If you have debts that you would like to repay, then you may consider borrowing money elsewhere in order to do this. A payday loan might be one of the ways that you might be thinking about. It is worth making sure that you are making the right decision though. You need to check out the cost, risk and ease of paying off debts like this.
Cost – the cost of debt is something that you need to consider. All loans have a cost and so if you pay one off with another, then you are replacing one cost with another cost. You need to think about whether this is something that you want to do and something that will help you finances. For example, if you have a cheap loan and you use an expensive loan to repay it then you will be paying out a lot more. However, if you use a cheap loan to pay off a dear one then this would be advantageous. This means that you will need to do some maths. You will need to think about how much the current loan costs and how much the new one will cost. Make sure that you look at the fees as well as the interest rate so that you are comparing the total cost of both. It can be tempting to compare the interest rate and assume that the one with the lowest interest rate will be the cheapest. However, if there are fees or charges as well, then this may not be the case and so you need to be sure. It can be worth getting in touch with the lender to ask them about this as they will be able to explain it. Otherwise you will have to look through the terms and conditions of the loan and that is not always very easy to do, both because locating them might be tricky and because understanding them is often hard to do. You also need to think about how long the loans last as if you are only paying interest for a short period of time it will be cheaper overall compared with paying it over a longer time period, even if the amount you pay each month is less.

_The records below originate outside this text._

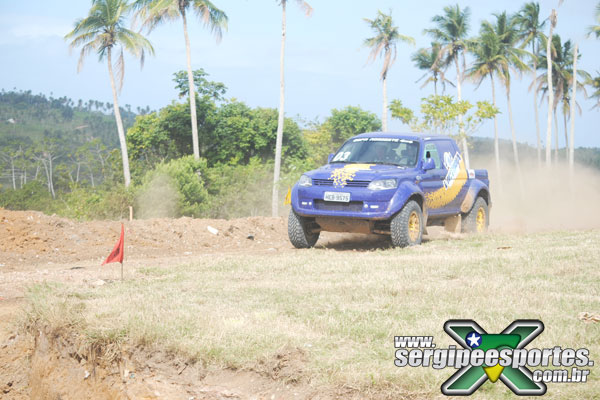 SergipeEsporte_Indoor-(586)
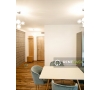 Apartament spatios cu 2 camere de inchiriat in zona Centrala - Bioinginerie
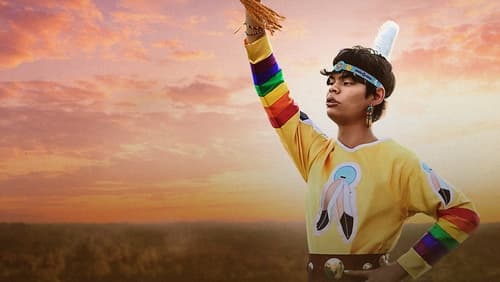 The Roof (Short 2023)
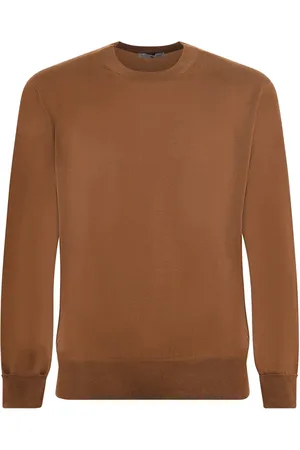 PT Torino Pt Sweater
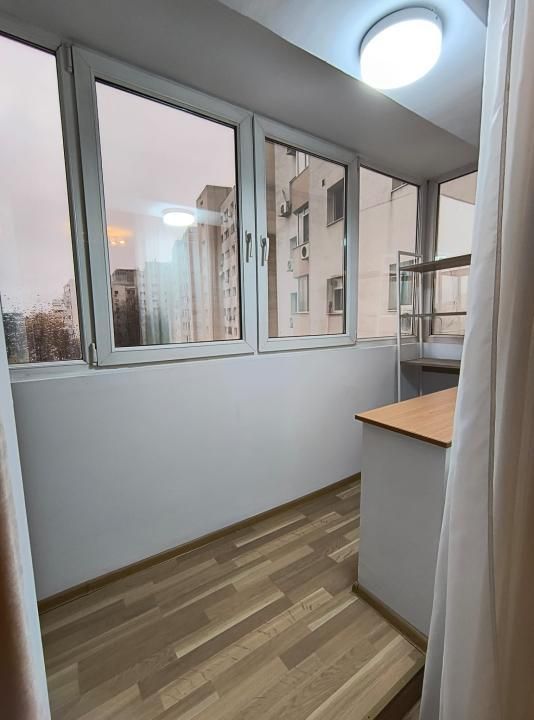 Dorobanti- Floreasca- Stefan cel Mare- Polona- Apartament 2 camere - Poză 3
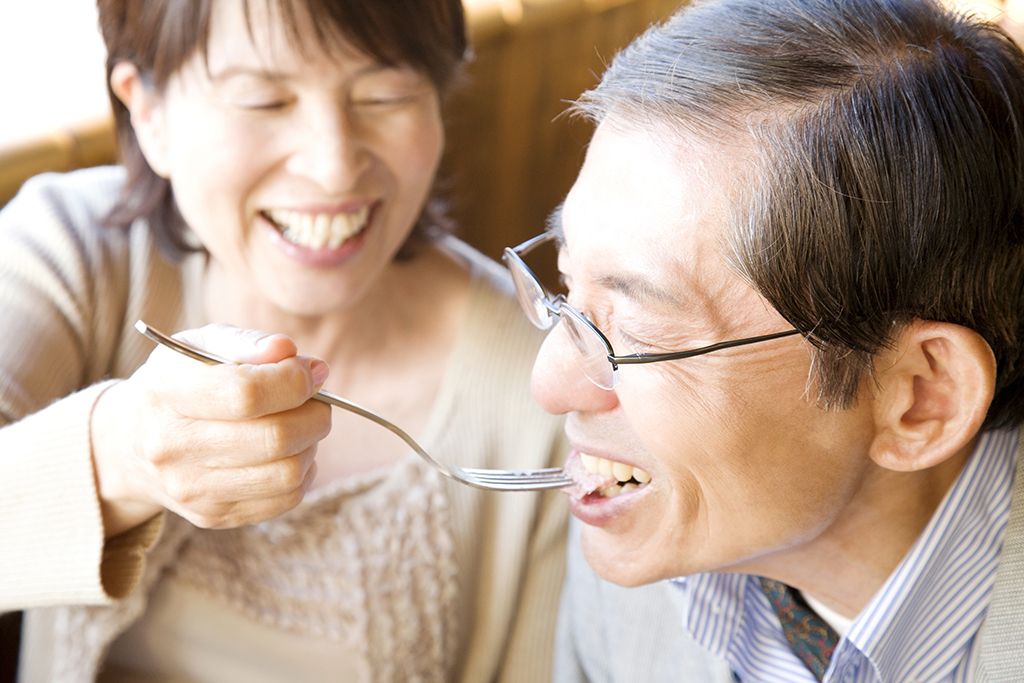 公式案内画像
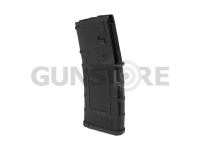 PMAG 30 300 Blackout Gen M3 1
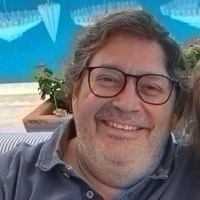 Filipe Pereira Coelho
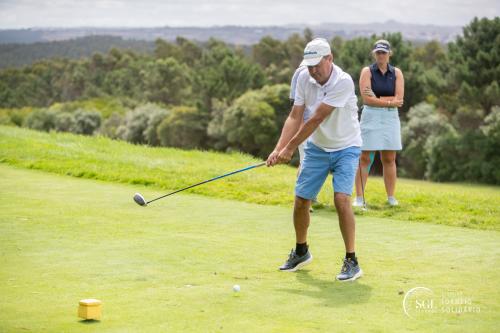 Torneio-de-Golfe-Solidario-SGL-Seguros-2-00111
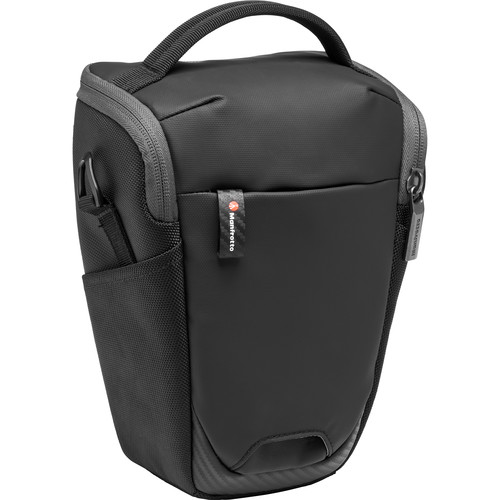 Manfrotto Advanced II Bolso para Cámara Mediano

Risk– changing to a different loan type might be risky. Loans have different ways of operating and some are riskier than others. With a payday loan you will have to repay the amount in full after a few weeks. You may like this idea because it means that you will clear the debt really quickly. However, there is a risk because you might be repaying more in the one-off payment than you would be if you had not swapped loans. This could make it harder for you to afford that repayment and therefore there could be a risk that you will not be able to pay it and have fees to pay on top. On the other hand, you might be able to repay it, but it may not leave you with much money for everything else and you could end up looking for another loan to help you. This means that it is so important to be honest with yourself when you are working out if paying off a loan with a payday loan is right for you.

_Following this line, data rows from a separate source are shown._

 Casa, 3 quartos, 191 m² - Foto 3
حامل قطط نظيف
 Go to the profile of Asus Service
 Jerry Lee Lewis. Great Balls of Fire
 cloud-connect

Ease – it is worth looking at the process of repaying a loan with another. You will have to apply for a new loan and then repay the old one. It will take a series of steps and therefore you will need to be prepared for this. There is a risk, of course, that you might be turned down for the payday loan and then may not be able to go with the idea. The risk is small though, as most borrowers are accepted, but there is still a risk of not being able to borrow as much as you need. You will also need to check that there is no penalty for repaying the loan early. Some lenders will make a charge for doing this but some will not. The charge can vary as well, sometimes it is just a month’s interest other times it could be a huge amount of money. It is therefore really important to find out before you apply for the payday loan as you may end up finding that you will not get enough money to be able to afford your goal.
So, there is a lot to think about. A payday loan could be a good way to repay a loan but only if it is cheaper, that you are confident you will be able to repay it and if the process is easy. It is worth considering but you need to be sure that you put in the research and that you are confident in your decision.